Keywords:  Prostate biopsy; cognitive biopsy; fusion biopsy; robotic-assisted (RA); targeted biopsy

Year:  2020        PMID: 32420165      PMCID: PMC7214998          DOI: 10.21037/tau.2020.01.33

Source DB:  PubMed          Journal:  Transl Androl Urol        ISSN: 2223-4683


Introduction

Diagnosis of prostate cancer (PC), following the detection of an elevated prostate-specific antigen (PSA) test has evolved over the last 5 years. Imaging with multiparametric (mp) magnetic resonance imaging (MRI) prior to a biopsy has resulted in the potential to increase the cancer detection rate (CDR) of clinically significant PC (csPC) while decreasing the insignificant CDR and number of unnecessary biopsies (1,2). There is still controversy over how to best perform prostate biopsies in order to maximise csPC detection whilst minimising the detection of insignificant cancers. A systematic review reported by Wegelin et al. which included 43 studies, concluded that in-bore biopsy was superior to cognitive targeted biopsies (C-TB) for the detection of all PC however there were no differences in the detection of csPC between C-TB, MRI ultrasound fusion biopsy (MFB) and in-bore MRI targeted biopsies (3). Another study from New York University compared C-TB to MFB and reported that MFB detected higher csPC rates compared to C-TB alone however this was not statistically significant (4).

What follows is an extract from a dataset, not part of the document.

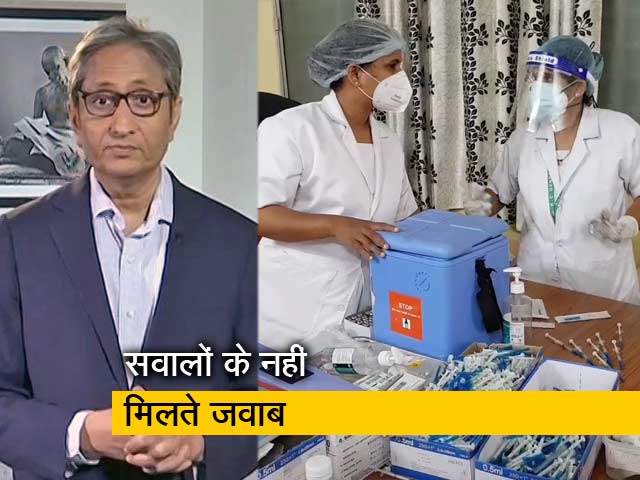 रवीश कुमार का प्राइम टाइम: राज्यों को अधिक कीमत देकर क्यों खरीदनी पड़ रही कोरोना की वैक्सीन?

There is also controversy over the best approach to biopsy which can also be performed transrectally (TR) or transperineally (TP), where TR has the advantage of being simple and office based, it does experience the disadvantage of potential uro-sepsis which appears to be increasing in rate (5). TP biopsy on the other hand, has the disadvantage of requiring a general anaesthetic in many instances, although there are now many reports that this can be performed under local anaesthesia (6). The primary aim of this study is to determine the csCDR of TP targeted biopsies using robotic-assisted (RA) MFB compared to C-TB using a grid template as this has not previously been reported. Secondary aims are to determine differences in complications between the two methods.

Methods

Consecutive patients between September 2015 and July 2017 who had a suspicion of PC based on their PSA levels or digital rectal exam (DRE) underwent a 3.0T mpMRI with body coil. The method has been previously described, with the modification of omitting spectroscopy (7). T2-weighted, diffusion weighted and dynamic contrast enhanced images were performed. Patients with previous prostate biopsies or contra-indication to mpMRI were excluded. All mpMRIs were performed by one experienced radiologist (P Vladica) and reported using the Prostate Imaging Reporting and Data System (PI-RADS), version 2.0 (8). Regions of interest (ROI) (PI-RADS 3–5) were demonstrated on a prostate diagram and dimensions measured in mm. Representative images of all suspicious lesions were also provided to the urologist. Only men with ROIs (PI-RADS 3–5) and underwent a TP targeted biopsy (RA-MFB or C-TB) and were included in this study. These men all received a general anaesthetic to ensure lack of movement and antibiotic prophylaxis. All biopsies were performed by one surgeon (MI Patel) who had over 17 years of experience with TP prostate biopsies and 2 years with C-TB.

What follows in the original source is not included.